[EXTRACTED RECORDS]
————

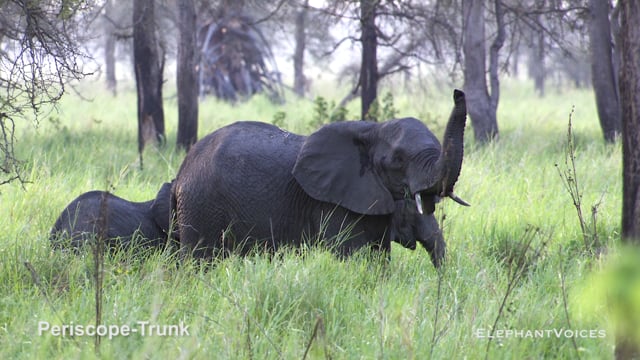 Periscope-Trunk. Context: Vigilance (15)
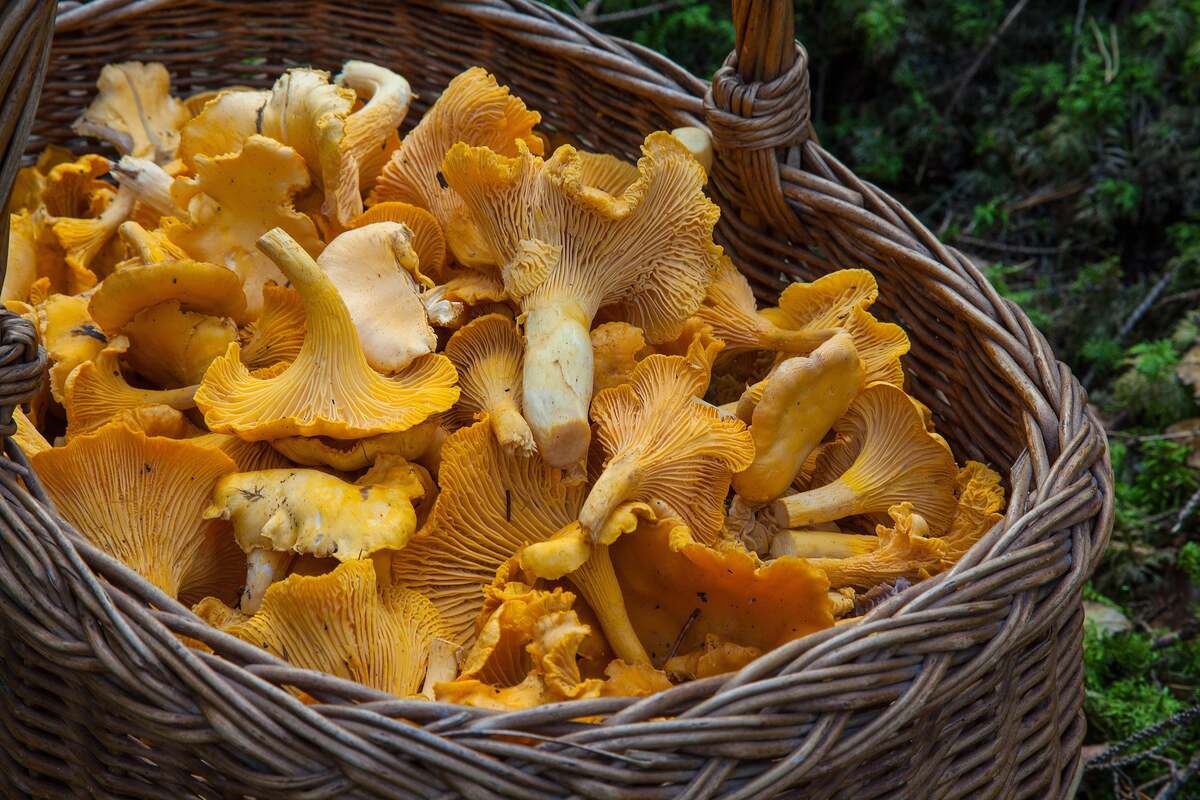 barbroforsberg-fungus-1194380.jpg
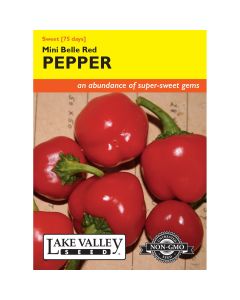 Capsicum, Sweet Pepper 'Mini Belle'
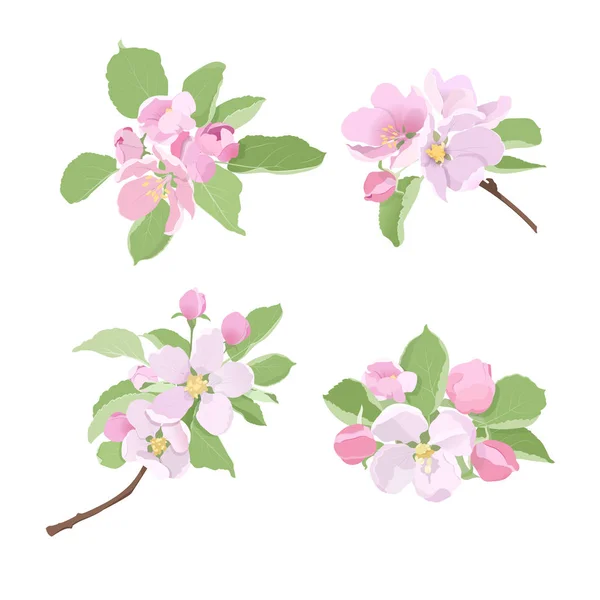 Blossoming apple tree branches with flowers and buds — Stock Vector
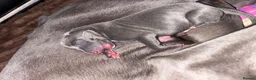 Mixed Breed dogs for sale: Whippet x Italian Greyhound Puppies  - Advert 16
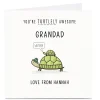 Card Factory Personalised Card - Turtlely Awesome Grandad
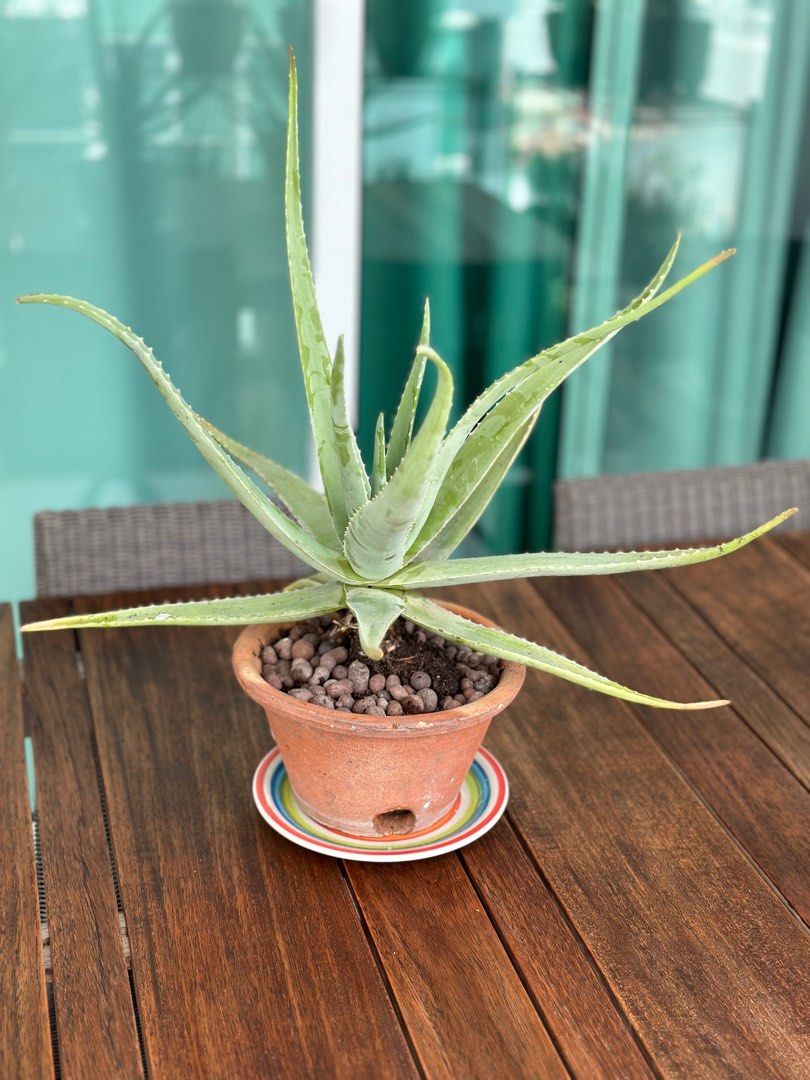 2 Matured Aloe Vera Plants With Clay Pots Furniture And Home Living Gardening Plants And Seeds On 9249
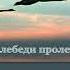 ИГОРЬ ФИЛАТОВ ТОЛЬКО ЛЕБЕДИ ПРОЛЕТАЛИ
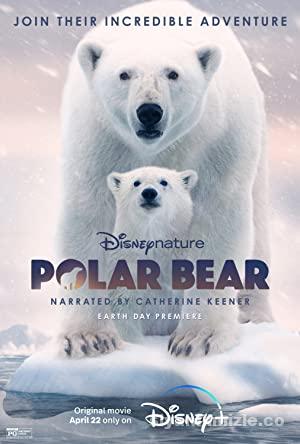 Polar Bear 2022 izle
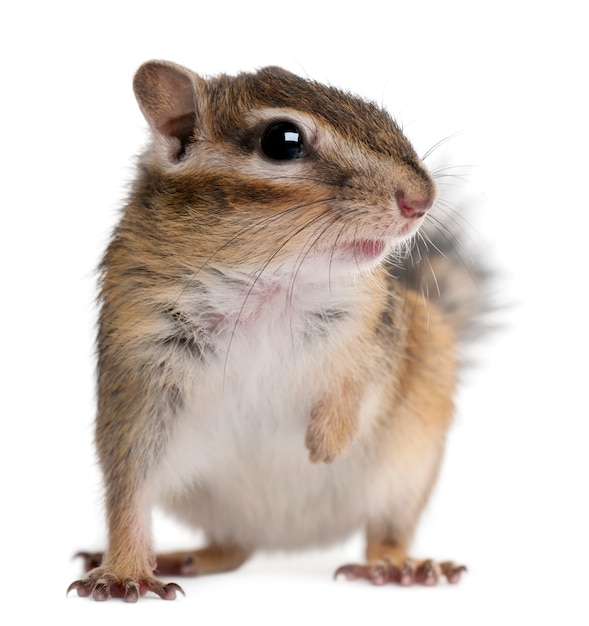 Close-up of a Siberian chipmunk, Euamias sibiricus, on white isolated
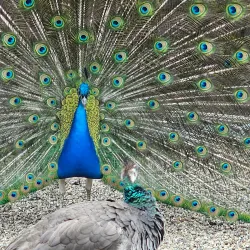 Parc Merveilleux - Belvaux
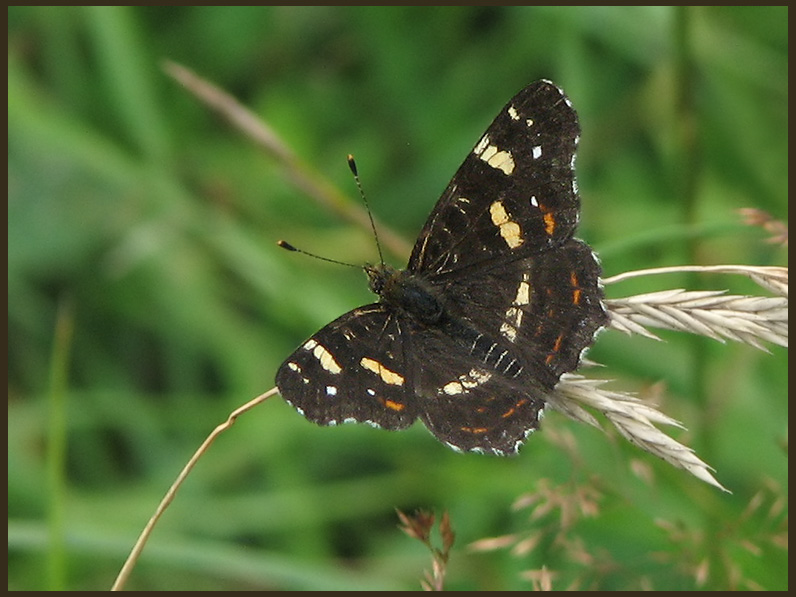 Map Butterfly (2nd gen) - Arashnia levana - Kartfjril .jpg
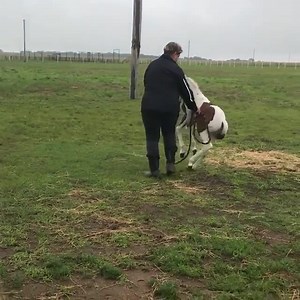 12K views · 841 reactions | Animal Alchemy on Reels | Facebook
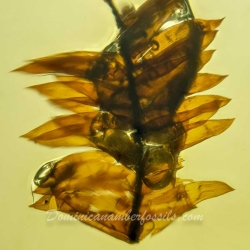 AF01 251 Bryophytes Fossil Inclusion In Dominican Amber 2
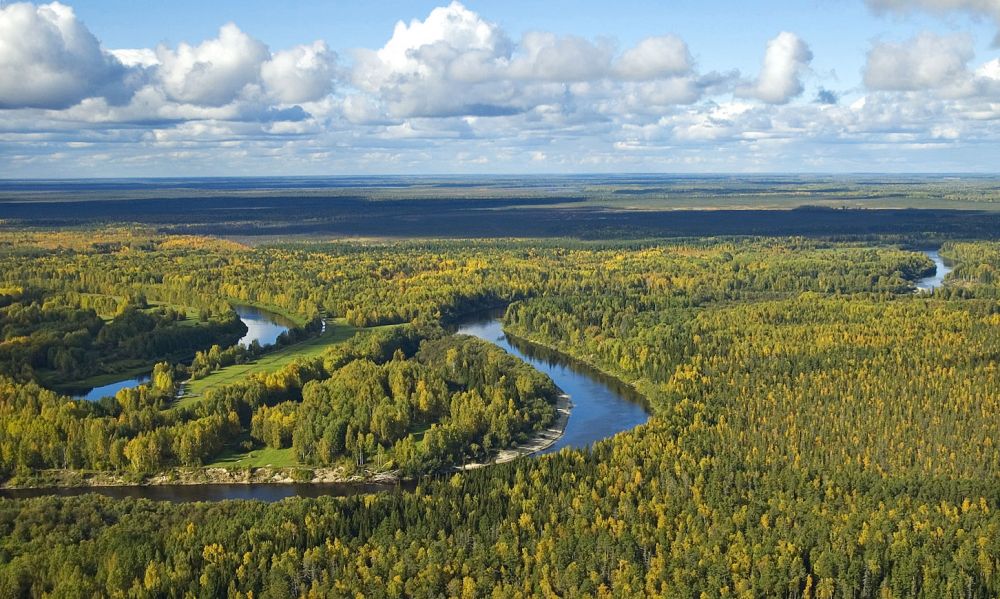 Васюганские болота (Томская, Новосибирская и Омская области). Они занимают площадь больше, чем некоторые страны — 53 тысячи квадратных километров. Возникли они около 10 тысяч лет назад и до настоящего времени продолжают расти — каждый год в среднем на 800 гектаров.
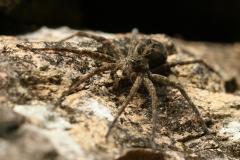 Dolomedes tenebrosus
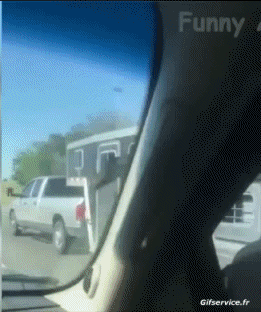 Serie 01 Chevaux Animaux Humour - Fun 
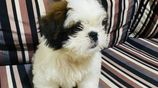 Shih Tzu Puppies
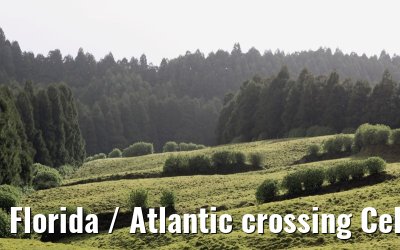 Florida / Atlantic crossing Celebrity Constellation April/May 2009 Florida / Atlantic crossing Celebrity Constellation April/May 2009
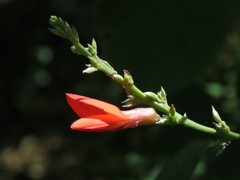 Camptosema rubicundum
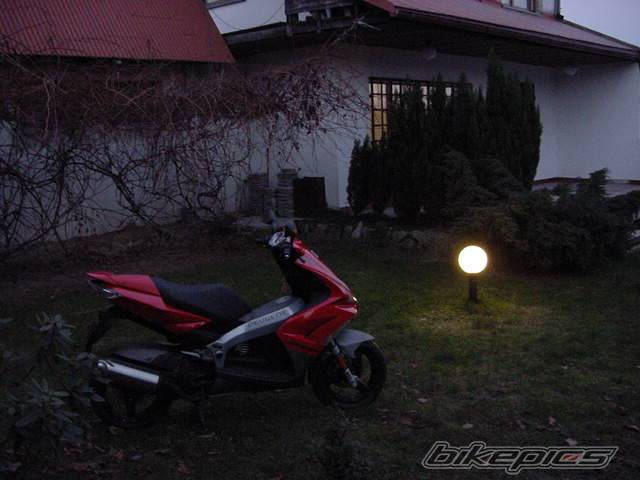Photo 259449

————

[YOUR OBJECTIVE] With the pictures left out, copy exactly the lines from the one containing "Dolomedes tenebrosus" through the final line of the records above, both included.

[RESPONSE TO THIS EXERCISE]
 Dolomedes tenebrosus
 Serie 01 Chevaux Animaux Humour - Fun 
 Shih Tzu Puppies
 Florida / Atlantic crossing Celebrity Constellation April/May 2009 Florida / Atlantic crossing Celebrity Constellation April/May 2009
 Camptosema rubicundum
Photo 259449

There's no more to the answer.